Raw data
────────────────────────────────────────

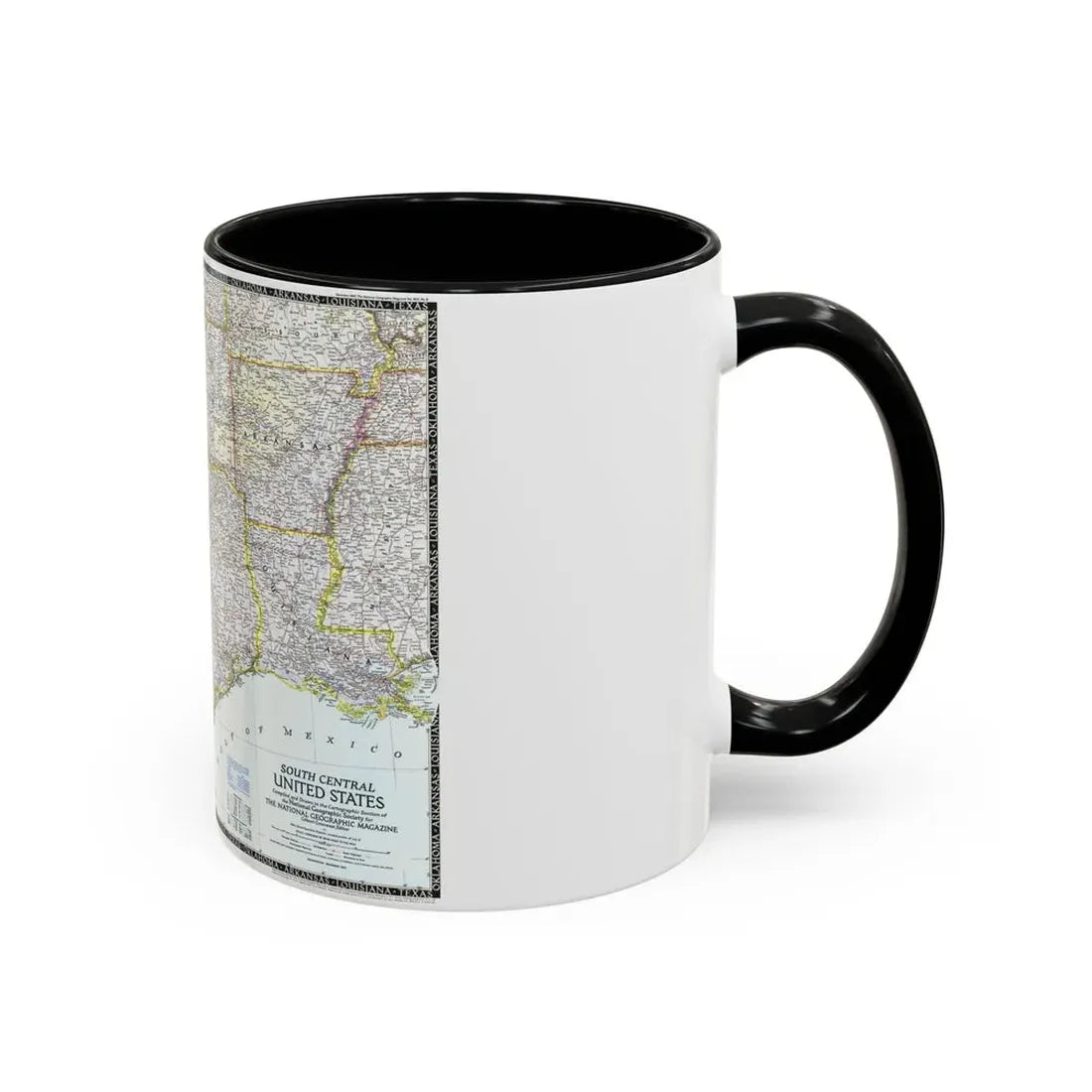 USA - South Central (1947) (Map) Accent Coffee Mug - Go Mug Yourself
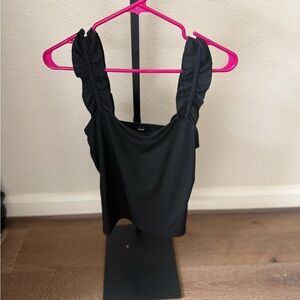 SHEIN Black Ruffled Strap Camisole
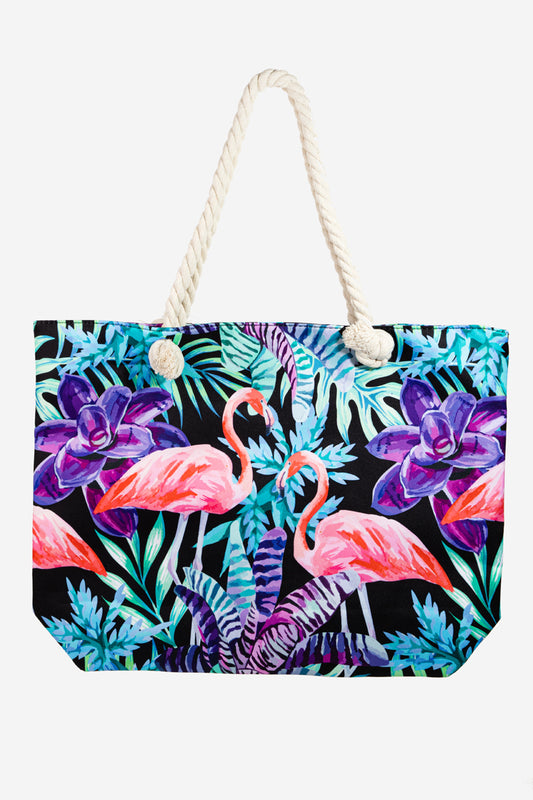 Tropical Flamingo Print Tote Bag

────────────────────────────────────────

Directions
Could the material above be given again in full and exactly, with its pictures left out?

Answer to the exercise
 USA - South Central (1947) (Map) Accent Coffee Mug - Go Mug Yourself
 SHEIN Black Ruffled Strap Camisole
 Tropical Flamingo Print Tote Bag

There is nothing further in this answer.